SUPPLIED MATERIAL START

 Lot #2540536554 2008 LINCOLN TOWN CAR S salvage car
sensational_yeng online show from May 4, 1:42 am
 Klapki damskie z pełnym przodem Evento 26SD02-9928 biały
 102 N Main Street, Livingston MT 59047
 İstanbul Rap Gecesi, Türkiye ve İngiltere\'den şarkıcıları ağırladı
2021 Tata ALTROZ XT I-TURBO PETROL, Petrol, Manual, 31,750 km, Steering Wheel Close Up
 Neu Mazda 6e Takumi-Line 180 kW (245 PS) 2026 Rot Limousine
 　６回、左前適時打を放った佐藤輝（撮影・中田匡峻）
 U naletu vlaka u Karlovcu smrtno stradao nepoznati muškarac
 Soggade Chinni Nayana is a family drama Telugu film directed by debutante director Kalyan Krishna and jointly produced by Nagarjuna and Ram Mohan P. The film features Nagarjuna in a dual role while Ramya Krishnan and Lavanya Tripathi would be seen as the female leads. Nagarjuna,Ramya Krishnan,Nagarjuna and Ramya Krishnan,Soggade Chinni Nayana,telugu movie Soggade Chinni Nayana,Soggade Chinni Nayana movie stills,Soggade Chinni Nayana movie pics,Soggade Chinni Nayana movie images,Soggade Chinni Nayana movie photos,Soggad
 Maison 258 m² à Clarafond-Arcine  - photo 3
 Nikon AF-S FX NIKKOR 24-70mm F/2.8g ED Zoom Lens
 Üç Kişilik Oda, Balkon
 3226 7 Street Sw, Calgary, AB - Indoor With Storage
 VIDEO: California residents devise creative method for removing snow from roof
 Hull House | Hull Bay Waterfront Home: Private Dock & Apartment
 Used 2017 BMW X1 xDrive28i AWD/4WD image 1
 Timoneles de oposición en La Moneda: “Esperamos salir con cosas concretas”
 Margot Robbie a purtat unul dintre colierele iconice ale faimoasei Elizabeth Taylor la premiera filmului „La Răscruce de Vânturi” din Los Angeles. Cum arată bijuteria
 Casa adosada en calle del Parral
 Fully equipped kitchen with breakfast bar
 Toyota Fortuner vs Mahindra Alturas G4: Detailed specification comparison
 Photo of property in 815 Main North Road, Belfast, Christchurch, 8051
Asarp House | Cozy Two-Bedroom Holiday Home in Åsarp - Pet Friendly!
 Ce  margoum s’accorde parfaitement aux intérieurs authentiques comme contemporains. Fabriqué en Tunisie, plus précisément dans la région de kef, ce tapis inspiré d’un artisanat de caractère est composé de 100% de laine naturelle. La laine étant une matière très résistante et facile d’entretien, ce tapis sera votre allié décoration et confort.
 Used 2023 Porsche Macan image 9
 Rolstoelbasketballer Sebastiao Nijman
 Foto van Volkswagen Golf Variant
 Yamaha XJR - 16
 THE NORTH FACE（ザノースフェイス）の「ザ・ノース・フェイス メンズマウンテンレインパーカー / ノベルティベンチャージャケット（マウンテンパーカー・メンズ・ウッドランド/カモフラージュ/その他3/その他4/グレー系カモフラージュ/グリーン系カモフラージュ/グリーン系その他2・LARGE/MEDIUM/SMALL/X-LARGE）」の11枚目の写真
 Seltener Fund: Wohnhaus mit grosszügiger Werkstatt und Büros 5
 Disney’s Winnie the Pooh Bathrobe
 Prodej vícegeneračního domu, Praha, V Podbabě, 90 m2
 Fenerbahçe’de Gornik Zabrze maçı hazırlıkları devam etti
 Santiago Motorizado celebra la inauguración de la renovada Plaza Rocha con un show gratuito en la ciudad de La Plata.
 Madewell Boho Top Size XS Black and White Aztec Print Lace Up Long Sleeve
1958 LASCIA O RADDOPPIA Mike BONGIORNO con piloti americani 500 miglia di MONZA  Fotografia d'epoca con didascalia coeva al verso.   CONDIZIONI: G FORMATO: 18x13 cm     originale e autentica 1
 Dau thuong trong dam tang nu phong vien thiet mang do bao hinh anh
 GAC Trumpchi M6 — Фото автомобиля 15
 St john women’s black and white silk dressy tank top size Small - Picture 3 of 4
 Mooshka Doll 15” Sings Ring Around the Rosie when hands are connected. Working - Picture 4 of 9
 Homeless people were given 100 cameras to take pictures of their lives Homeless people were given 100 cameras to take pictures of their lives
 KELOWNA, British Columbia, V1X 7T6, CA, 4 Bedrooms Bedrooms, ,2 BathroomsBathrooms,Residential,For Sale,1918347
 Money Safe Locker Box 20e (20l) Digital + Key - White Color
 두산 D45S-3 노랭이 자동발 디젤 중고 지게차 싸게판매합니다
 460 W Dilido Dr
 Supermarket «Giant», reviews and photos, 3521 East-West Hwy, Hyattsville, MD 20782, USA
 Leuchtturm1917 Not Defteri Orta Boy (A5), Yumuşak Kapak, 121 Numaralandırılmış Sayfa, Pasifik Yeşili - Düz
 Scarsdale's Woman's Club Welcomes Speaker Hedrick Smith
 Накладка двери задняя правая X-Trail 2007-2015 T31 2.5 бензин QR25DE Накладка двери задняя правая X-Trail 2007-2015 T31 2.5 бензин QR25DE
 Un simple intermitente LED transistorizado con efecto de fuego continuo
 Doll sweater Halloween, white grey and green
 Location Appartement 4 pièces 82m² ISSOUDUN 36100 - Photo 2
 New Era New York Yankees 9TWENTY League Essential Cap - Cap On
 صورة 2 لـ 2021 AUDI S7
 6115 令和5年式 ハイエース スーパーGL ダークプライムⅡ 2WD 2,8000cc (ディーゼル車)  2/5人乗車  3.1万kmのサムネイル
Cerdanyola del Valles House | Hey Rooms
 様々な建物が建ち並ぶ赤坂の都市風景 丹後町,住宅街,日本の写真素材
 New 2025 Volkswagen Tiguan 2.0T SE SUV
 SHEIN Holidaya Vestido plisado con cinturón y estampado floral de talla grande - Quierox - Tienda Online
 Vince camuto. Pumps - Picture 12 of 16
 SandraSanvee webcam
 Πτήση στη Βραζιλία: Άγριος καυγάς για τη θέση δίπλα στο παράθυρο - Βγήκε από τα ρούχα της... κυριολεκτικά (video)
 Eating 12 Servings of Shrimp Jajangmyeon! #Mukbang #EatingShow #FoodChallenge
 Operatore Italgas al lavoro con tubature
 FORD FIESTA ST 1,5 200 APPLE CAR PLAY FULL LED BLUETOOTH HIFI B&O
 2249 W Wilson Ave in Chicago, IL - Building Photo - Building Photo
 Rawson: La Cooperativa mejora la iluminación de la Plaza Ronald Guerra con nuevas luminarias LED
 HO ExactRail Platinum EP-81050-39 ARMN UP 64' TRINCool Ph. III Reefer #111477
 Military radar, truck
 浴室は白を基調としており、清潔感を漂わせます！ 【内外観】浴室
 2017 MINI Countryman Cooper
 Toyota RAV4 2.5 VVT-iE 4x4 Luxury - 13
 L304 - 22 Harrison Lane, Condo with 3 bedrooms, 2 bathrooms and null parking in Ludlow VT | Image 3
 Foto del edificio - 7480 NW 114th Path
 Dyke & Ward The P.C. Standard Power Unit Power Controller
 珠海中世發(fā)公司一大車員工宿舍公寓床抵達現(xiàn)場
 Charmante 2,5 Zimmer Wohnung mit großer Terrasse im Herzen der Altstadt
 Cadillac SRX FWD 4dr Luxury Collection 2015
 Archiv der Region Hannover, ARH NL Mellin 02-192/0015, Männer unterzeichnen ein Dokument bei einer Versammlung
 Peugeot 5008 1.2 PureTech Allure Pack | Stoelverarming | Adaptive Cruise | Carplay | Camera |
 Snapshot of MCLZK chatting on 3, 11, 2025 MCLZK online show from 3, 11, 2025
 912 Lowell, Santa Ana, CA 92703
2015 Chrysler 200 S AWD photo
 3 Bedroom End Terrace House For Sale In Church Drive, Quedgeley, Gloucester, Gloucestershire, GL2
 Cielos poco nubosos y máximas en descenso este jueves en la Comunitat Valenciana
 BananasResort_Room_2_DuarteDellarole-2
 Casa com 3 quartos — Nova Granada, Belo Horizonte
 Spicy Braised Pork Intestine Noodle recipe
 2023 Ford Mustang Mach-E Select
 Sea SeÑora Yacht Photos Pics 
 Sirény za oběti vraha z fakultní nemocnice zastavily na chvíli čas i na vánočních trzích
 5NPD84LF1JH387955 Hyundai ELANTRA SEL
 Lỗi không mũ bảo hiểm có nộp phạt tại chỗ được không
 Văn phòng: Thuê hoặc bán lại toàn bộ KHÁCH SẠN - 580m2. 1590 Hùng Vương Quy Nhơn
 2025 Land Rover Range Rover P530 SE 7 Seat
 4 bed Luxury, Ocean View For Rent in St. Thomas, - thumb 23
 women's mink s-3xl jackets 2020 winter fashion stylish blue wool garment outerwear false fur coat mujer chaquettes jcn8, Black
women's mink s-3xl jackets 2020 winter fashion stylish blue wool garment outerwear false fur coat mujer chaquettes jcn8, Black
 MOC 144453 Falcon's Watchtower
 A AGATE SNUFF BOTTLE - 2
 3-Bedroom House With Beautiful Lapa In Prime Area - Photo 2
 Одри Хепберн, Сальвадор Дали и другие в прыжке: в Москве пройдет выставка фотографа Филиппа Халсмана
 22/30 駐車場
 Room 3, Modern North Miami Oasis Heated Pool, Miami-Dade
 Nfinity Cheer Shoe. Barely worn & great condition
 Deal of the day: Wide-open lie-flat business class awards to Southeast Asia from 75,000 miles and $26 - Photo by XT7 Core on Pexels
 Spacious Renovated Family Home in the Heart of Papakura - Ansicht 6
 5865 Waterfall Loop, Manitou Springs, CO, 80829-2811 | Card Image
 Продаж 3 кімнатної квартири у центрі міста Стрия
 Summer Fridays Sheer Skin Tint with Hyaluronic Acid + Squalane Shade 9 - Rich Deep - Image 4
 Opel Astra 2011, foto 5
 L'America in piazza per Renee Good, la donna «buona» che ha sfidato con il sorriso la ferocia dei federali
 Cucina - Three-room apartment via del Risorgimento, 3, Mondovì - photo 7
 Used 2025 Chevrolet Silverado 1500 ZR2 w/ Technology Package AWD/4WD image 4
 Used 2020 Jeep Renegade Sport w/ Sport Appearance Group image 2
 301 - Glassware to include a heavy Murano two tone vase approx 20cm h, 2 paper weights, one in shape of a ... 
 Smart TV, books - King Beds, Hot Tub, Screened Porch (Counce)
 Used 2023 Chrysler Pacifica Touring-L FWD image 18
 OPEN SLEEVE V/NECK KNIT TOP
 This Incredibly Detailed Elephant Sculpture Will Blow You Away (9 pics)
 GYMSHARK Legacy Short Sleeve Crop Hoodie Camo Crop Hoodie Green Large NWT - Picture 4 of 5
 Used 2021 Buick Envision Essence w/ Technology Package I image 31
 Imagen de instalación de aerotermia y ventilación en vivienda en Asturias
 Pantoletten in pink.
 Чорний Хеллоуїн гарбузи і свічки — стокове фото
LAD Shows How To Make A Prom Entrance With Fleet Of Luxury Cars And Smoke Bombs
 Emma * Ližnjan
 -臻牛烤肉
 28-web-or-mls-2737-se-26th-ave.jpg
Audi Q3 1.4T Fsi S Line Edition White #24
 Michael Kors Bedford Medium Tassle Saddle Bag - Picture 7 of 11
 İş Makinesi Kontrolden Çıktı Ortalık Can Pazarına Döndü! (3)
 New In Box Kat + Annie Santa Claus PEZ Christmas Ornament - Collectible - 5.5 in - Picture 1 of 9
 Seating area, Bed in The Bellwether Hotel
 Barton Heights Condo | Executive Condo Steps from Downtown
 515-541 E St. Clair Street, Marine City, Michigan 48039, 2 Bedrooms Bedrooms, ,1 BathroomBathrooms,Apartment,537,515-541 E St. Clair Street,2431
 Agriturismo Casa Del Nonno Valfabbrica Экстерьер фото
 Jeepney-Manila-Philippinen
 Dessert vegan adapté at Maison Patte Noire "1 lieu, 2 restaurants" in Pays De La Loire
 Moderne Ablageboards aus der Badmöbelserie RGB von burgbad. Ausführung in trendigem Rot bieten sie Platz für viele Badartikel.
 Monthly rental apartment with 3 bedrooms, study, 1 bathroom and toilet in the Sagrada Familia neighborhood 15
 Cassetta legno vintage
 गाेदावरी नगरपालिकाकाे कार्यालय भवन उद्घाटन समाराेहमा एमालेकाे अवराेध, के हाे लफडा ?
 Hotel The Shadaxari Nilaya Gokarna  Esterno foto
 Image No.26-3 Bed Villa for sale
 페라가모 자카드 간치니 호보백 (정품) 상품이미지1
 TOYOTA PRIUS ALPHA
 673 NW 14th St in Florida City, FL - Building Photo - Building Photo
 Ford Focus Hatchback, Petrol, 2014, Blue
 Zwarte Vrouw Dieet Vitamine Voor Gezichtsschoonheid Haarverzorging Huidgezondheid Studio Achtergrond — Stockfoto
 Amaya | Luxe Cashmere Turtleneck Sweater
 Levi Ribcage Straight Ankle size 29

SUPPLIED MATERIAL END

> _TRY IT_
Copy each line above holding "garment".

> _ANSWER TO THIS EXERCISE_
 women's mink s-3xl jackets 2020 winter fashion stylish blue wool garment outerwear false fur coat mujer chaquettes jcn8, Black
women's mink s-3xl jackets 2020 winter fashion stylish blue wool garment outerwear false fur coat mujer chaquettes jcn8, Black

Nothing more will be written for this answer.